2009年10月1日木曜日

海の香り




 とても不思議な人を見ました。それは、ある初夏の日の午後の事でした。



 私は、東京の地下鉄である有楽町線から半蔵門線に乗り換えるエスカレータの階段の上に立っていました。私は、グレーのスーツ姿で顔から流れる汗を厚手のタオル地の青い木綿のハンカチで拭きながら、仕事を探す、言いようのない不安な気持ちで会社の営業を忙しそうにアッチコッチと、毎日歩いていました。



 そのエスカレータは、とても長く100メートル位はあるでしょうか。 そして、様々な服装の男女が、いつも列を成して、そのエスカレータを利用していました。

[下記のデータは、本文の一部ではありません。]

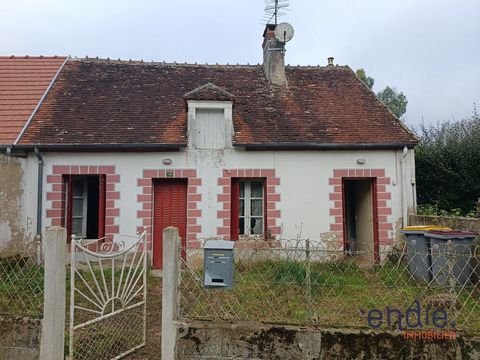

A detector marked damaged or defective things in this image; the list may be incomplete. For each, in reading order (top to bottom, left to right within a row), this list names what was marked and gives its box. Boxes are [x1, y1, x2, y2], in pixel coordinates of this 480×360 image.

peeling paint on wall [0, 155, 26, 250] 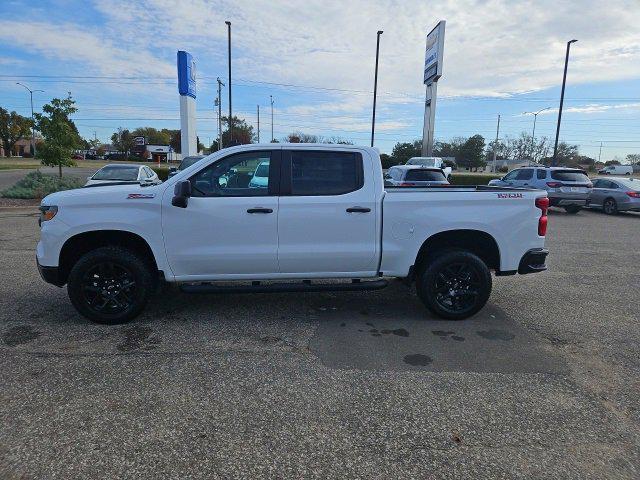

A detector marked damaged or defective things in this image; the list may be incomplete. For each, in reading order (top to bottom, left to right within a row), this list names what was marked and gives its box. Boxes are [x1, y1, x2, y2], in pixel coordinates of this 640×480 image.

cracked pavement [1, 204, 640, 478] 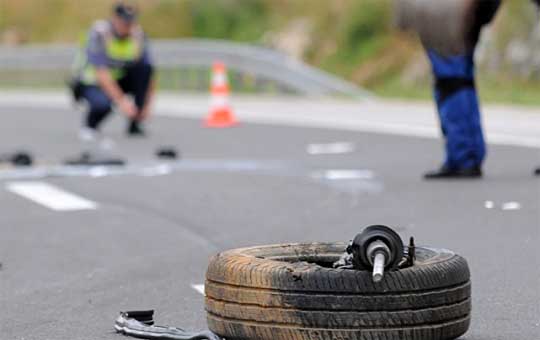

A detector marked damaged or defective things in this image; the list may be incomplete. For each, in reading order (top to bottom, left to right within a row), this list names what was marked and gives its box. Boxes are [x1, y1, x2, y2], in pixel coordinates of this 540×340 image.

damaged tire [205, 243, 470, 338] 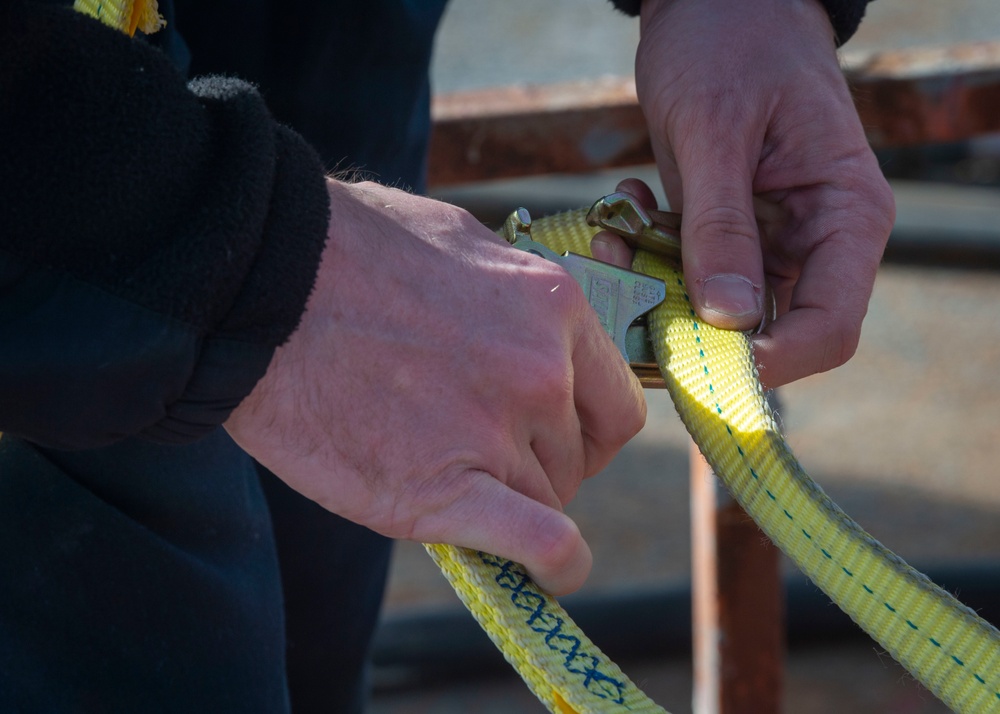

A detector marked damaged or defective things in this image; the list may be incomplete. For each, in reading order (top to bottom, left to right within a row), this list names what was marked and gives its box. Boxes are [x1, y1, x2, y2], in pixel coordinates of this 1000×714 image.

rusty metal beam [428, 40, 1000, 188]
rusty metal beam [692, 440, 784, 712] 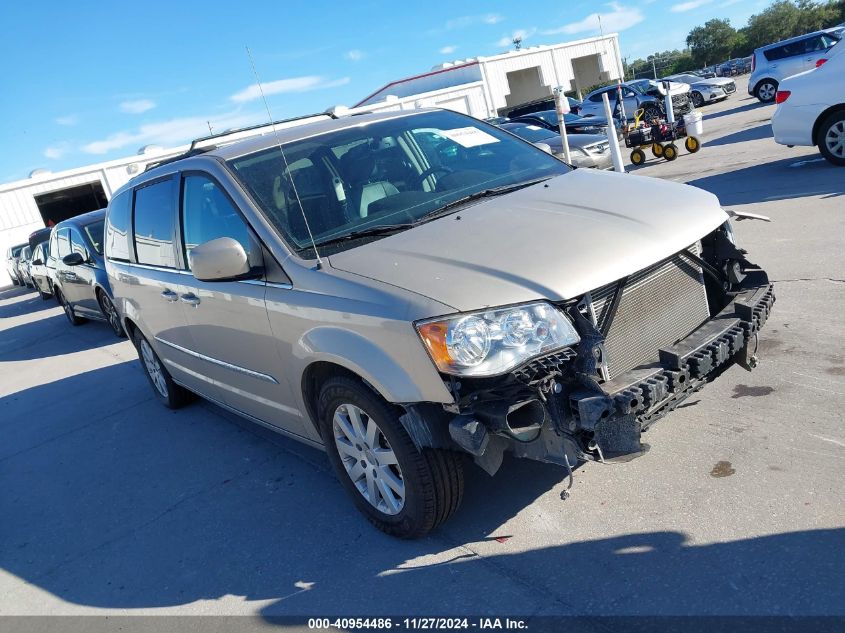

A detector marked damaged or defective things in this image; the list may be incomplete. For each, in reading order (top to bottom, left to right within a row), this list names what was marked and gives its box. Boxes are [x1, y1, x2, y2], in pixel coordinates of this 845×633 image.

damaged minivan [104, 111, 772, 536]
broken headlight assembly [418, 302, 580, 376] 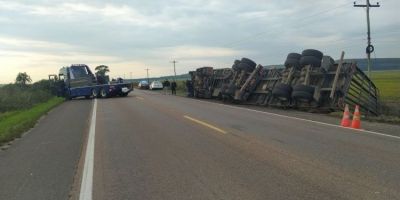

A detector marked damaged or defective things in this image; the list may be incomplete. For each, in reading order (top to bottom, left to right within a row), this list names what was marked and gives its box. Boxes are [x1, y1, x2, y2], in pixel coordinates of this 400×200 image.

overturned truck [191, 49, 382, 115] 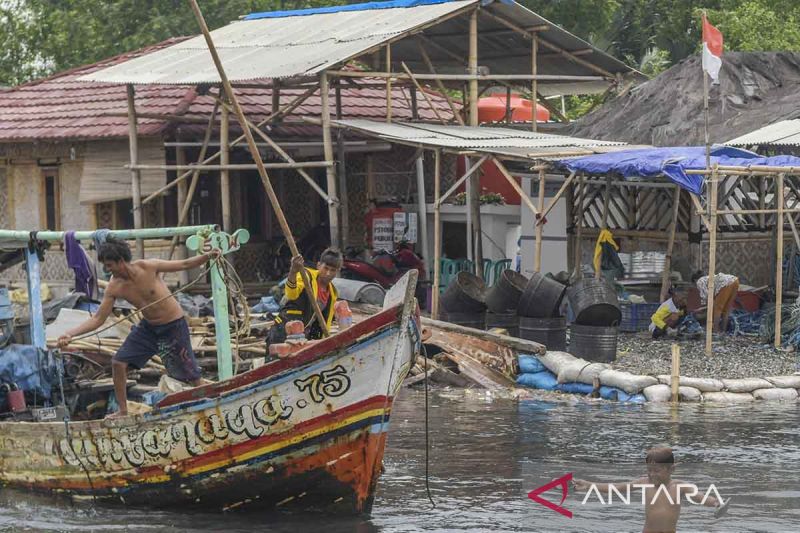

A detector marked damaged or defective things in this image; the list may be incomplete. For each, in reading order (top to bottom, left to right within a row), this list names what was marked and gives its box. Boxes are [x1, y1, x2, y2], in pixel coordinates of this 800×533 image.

rusty metal roof [81, 0, 640, 93]
rusty metal roof [332, 120, 624, 160]
rusty metal roof [728, 119, 800, 147] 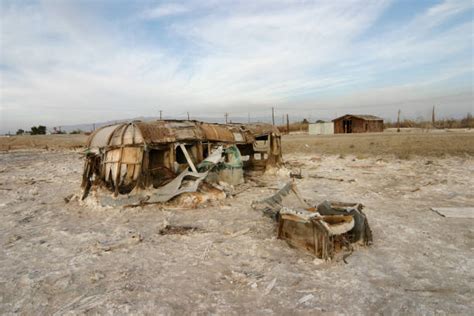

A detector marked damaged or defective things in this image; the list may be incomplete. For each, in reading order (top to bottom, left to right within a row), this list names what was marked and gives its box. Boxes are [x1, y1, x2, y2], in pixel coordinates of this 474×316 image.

rusted scrap metal [80, 119, 282, 206]
rusty car part [81, 120, 282, 205]
rusted scrap metal [254, 181, 372, 260]
rusty car part [254, 183, 372, 260]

 私は、薄汚れた赤色のビニール質の手すりに右手をかけ、半蔵門線のホームにつながっている下り方向のエスカレータに乗りました。そして、足元から顔を上げました。その時、反対方向から昇って来るエスカレータに乗り始めた男の人の姿を私の目が捉えました。姿勢の良い立派な体格をした外国の壮年の男の人です。長袖の薄青のワイシャツを着て、グレーのズボンと黒い革靴を履いていました。彼は金髪の白人で、涼やかな目と顔立ちをしていました。そして、彼との出逢いは数分で終わりました。話をすることも、目を合わせる事も、振り返ることもありませんでした。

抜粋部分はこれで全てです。